TASK DESCRIPTION
Skip the pictures and restate, word for word, the lines from the one containing "COMPRAMOS A GAIOLA" to the end of the data below.

──────── LISTED RECORDS

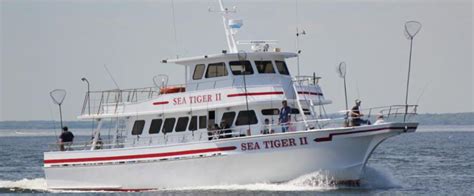 sea tiger ii reviews  Bottom fishing is our specialty, targeting Sea Bass, Ling, Cod, Pollock, Porgies, Flounder, Blackfish and Fluke depending on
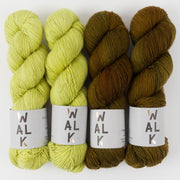 WALK Collection GOLDEN FOLIAGE Merino wool Fingering Quick Kits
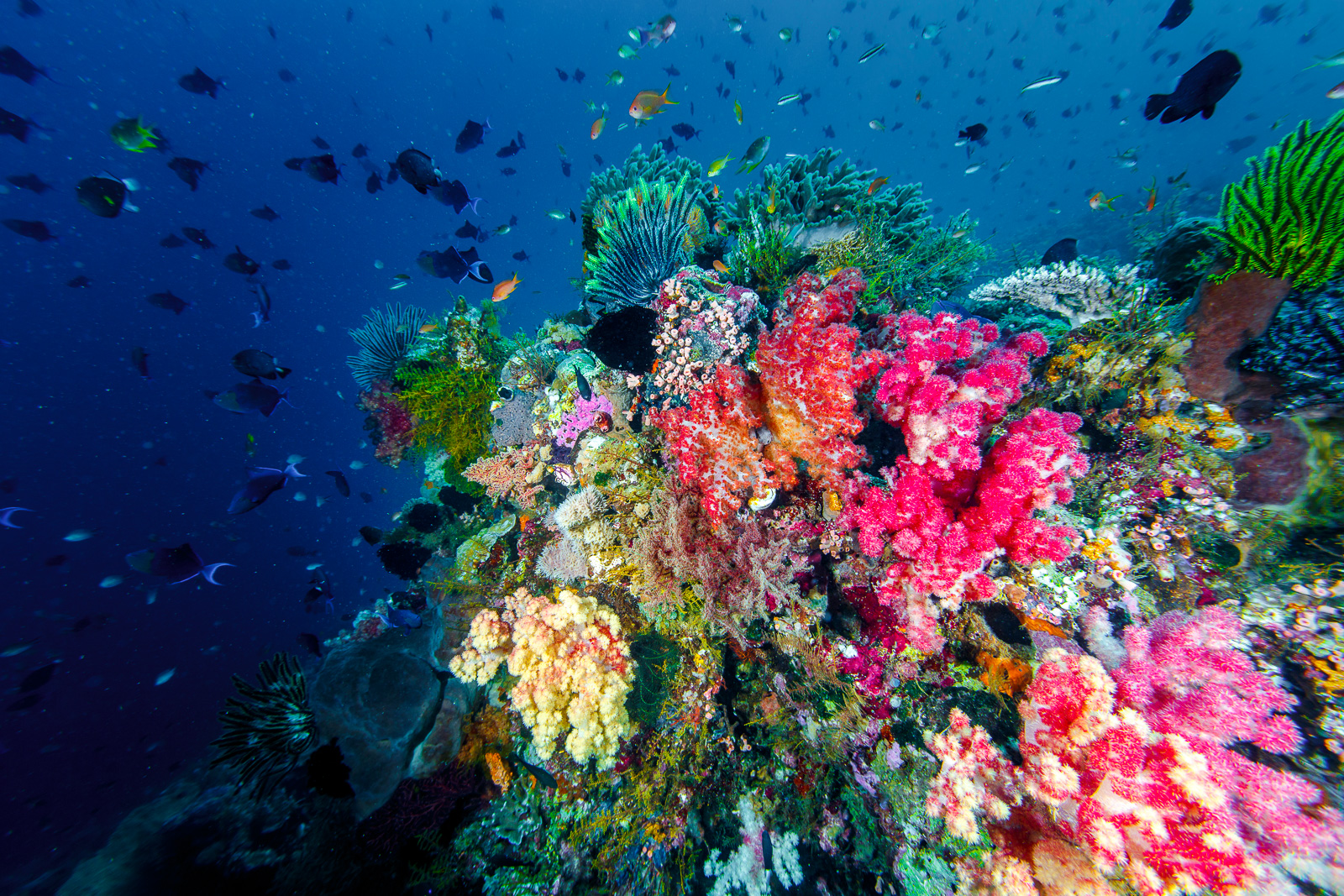 Soft coral, Wakatobi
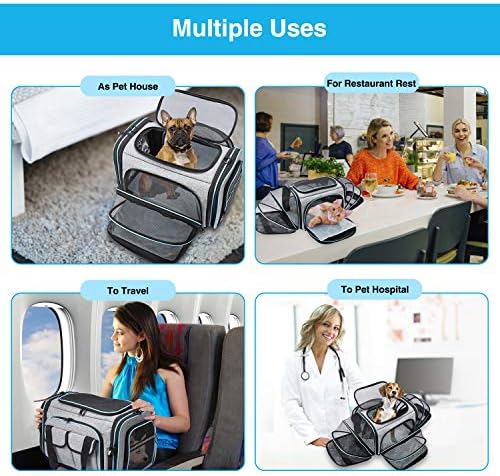 Airline Approved Pet Carrier 1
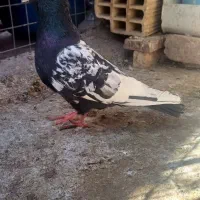 سینه ای|پرنده|بم, |دیوار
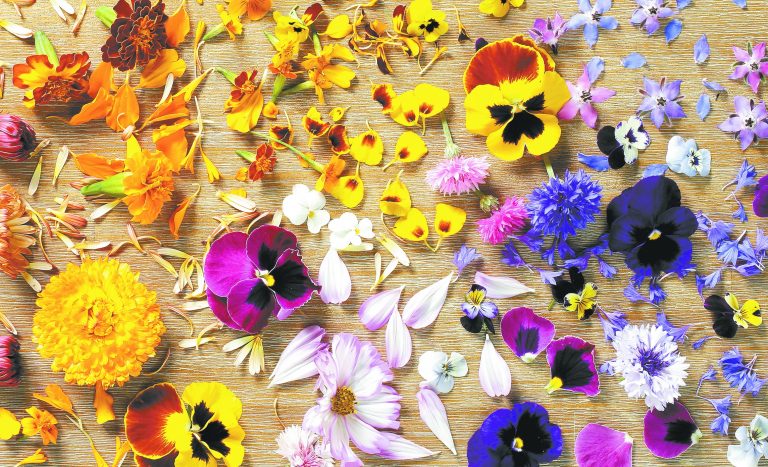 Health Benefits Of Adding These Edible Flowers In Your Diet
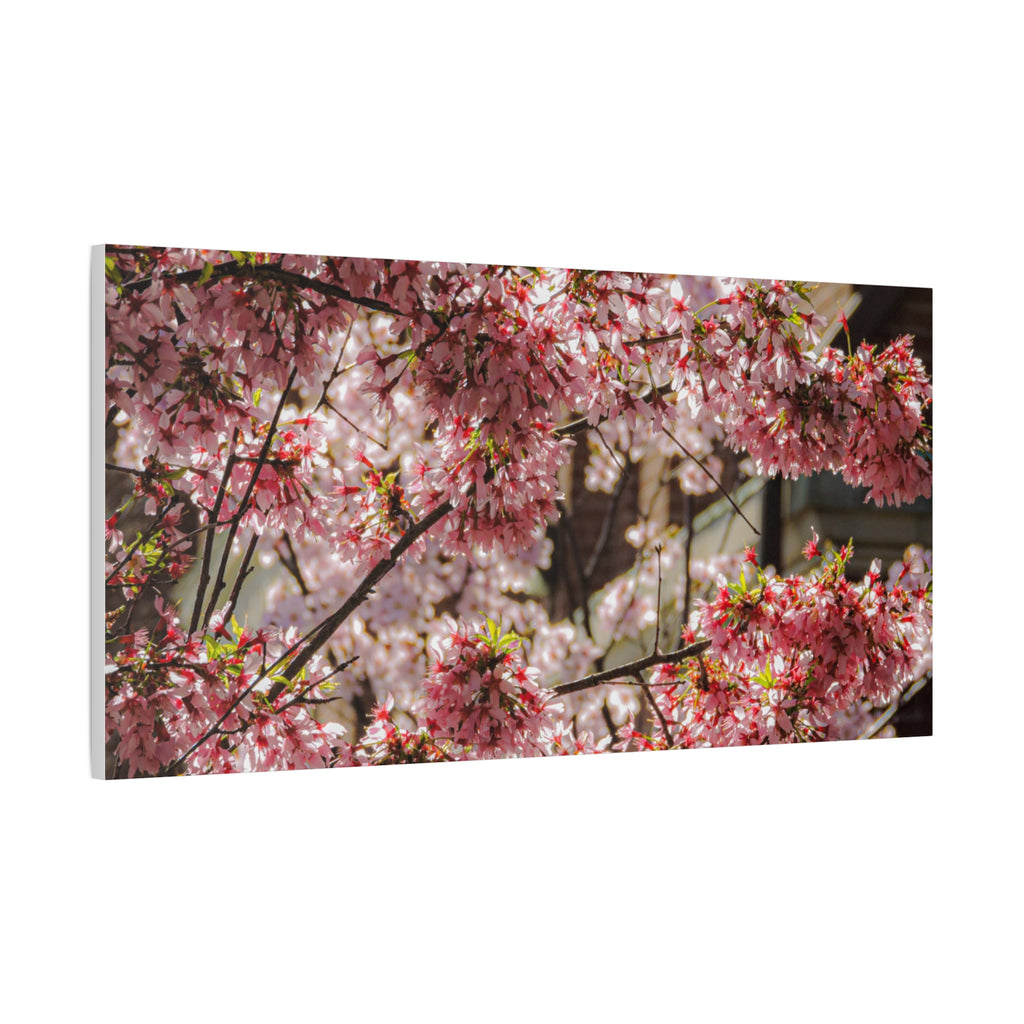Pink Cherry Blossom Canvas Wall Art — Stretched Matte Floral Print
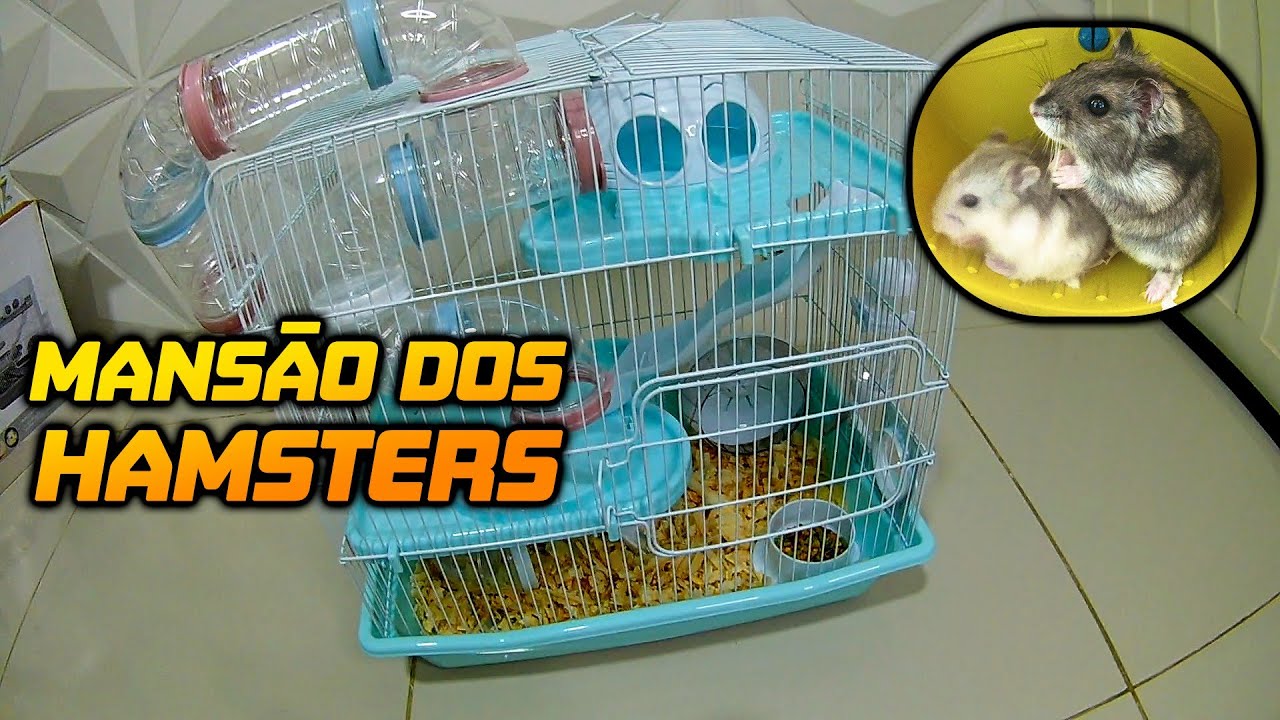 COMPRAMOS A GAIOLA SAFARI (3 ANDARES) - CASINHA DE HAMSTER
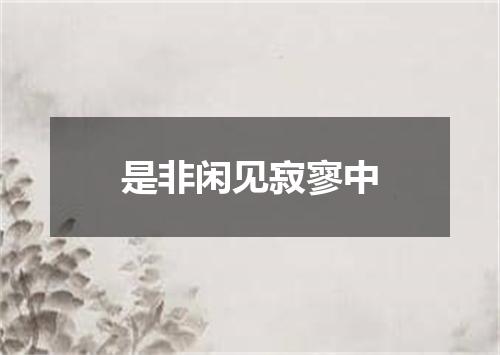 是非闲见寂寥中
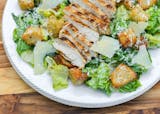 Grilled Chicken Caesar Salad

────────────────

YOUR SOLUTION
 COMPRAMOS A GAIOLA SAFARI (3 ANDARES) - CASINHA DE HAMSTER
 是非闲见寂寥中
 Grilled Chicken Caesar Salad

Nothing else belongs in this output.